→ **EXTRACTED DATA**
....
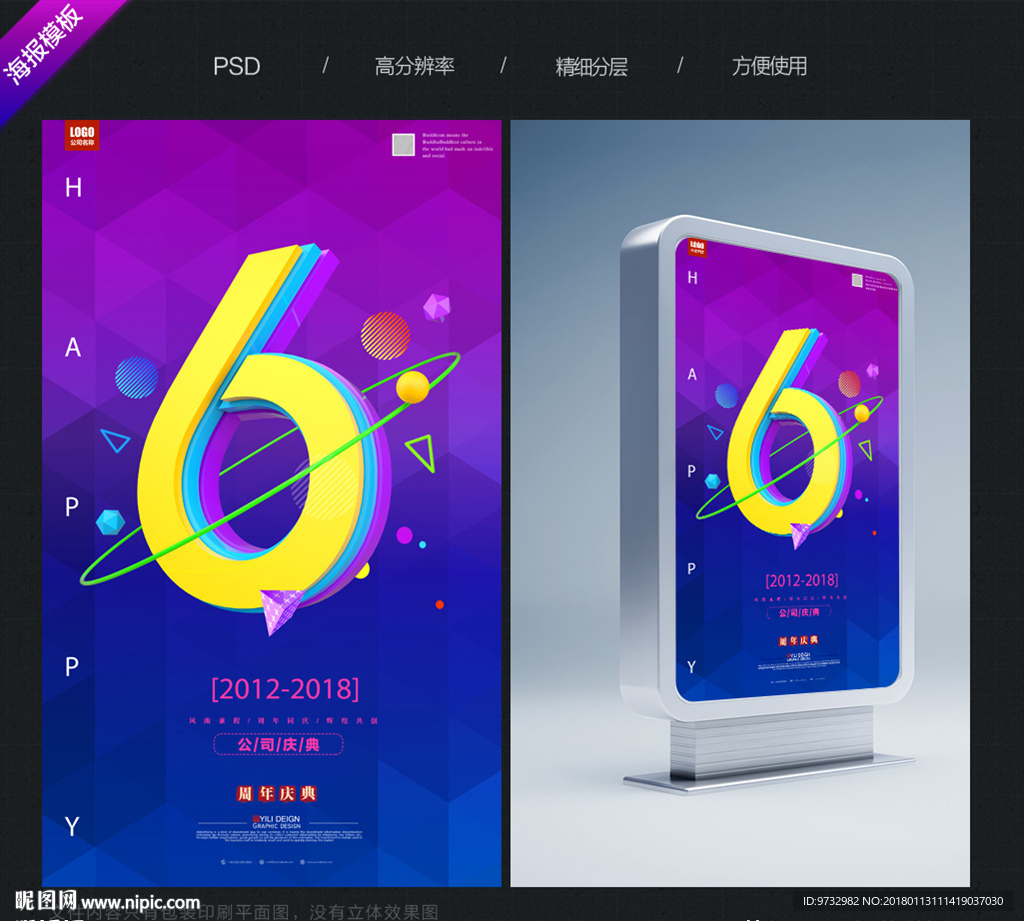 6周年庆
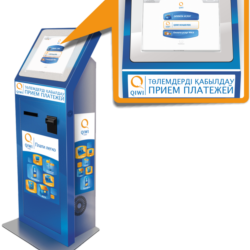 Комплект драйверов для терминала самообслуживания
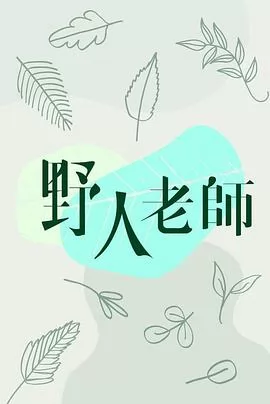 野人老师粤语
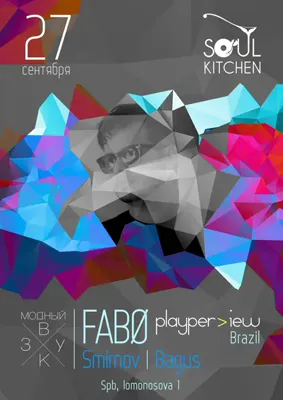 Fabo, 27 09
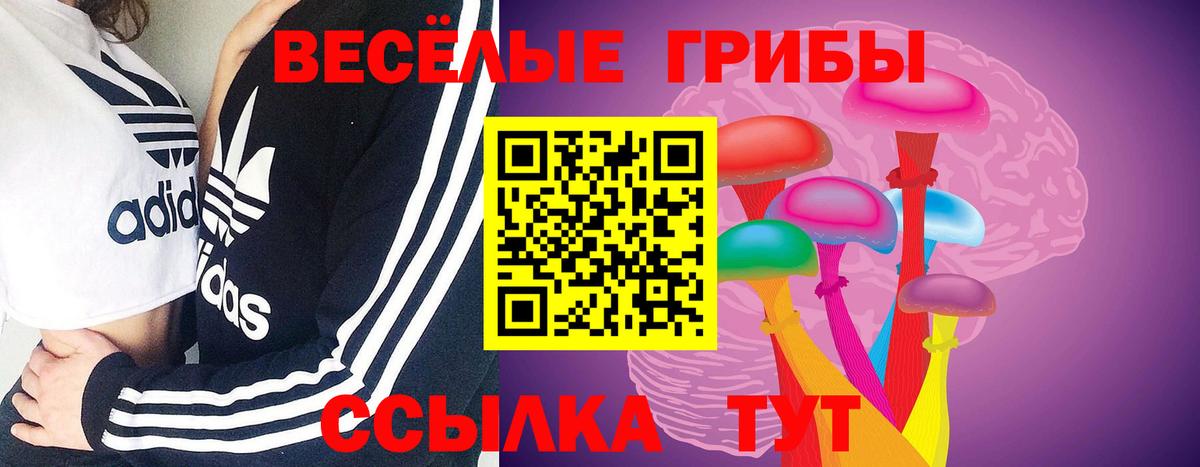 Канабис Белогорск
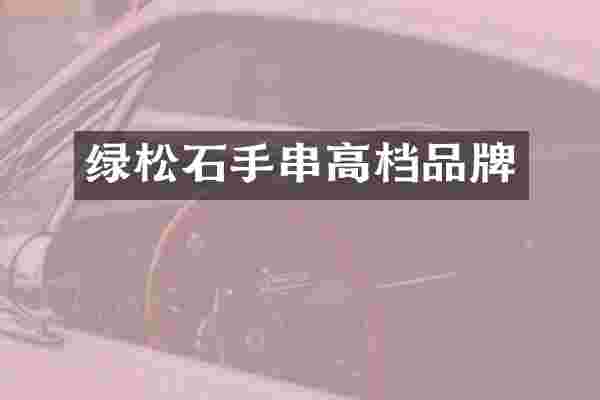 绿松石手串高档品牌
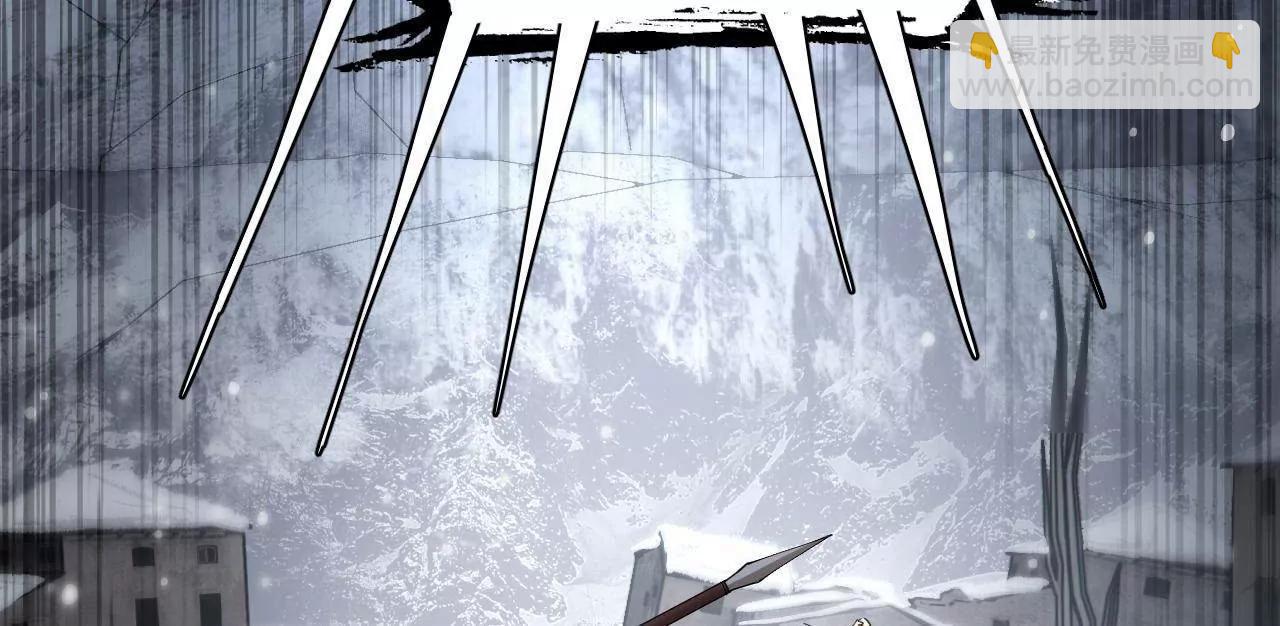 277 	大雪崩！(1/3)-第276话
....
→ **WHAT IS EXPECTED**
Write every entry out again exactly, dropping the pictures.

→ **RESPONSE TO THE TASK**
 6周年庆
 Комплект драйверов для терминала самообслуживания
 野人老师粤语
 Fabo, 27 09
 Канабис Белогорск
 绿松石手串高档品牌
 277 	大雪崩！(1/3)-第276话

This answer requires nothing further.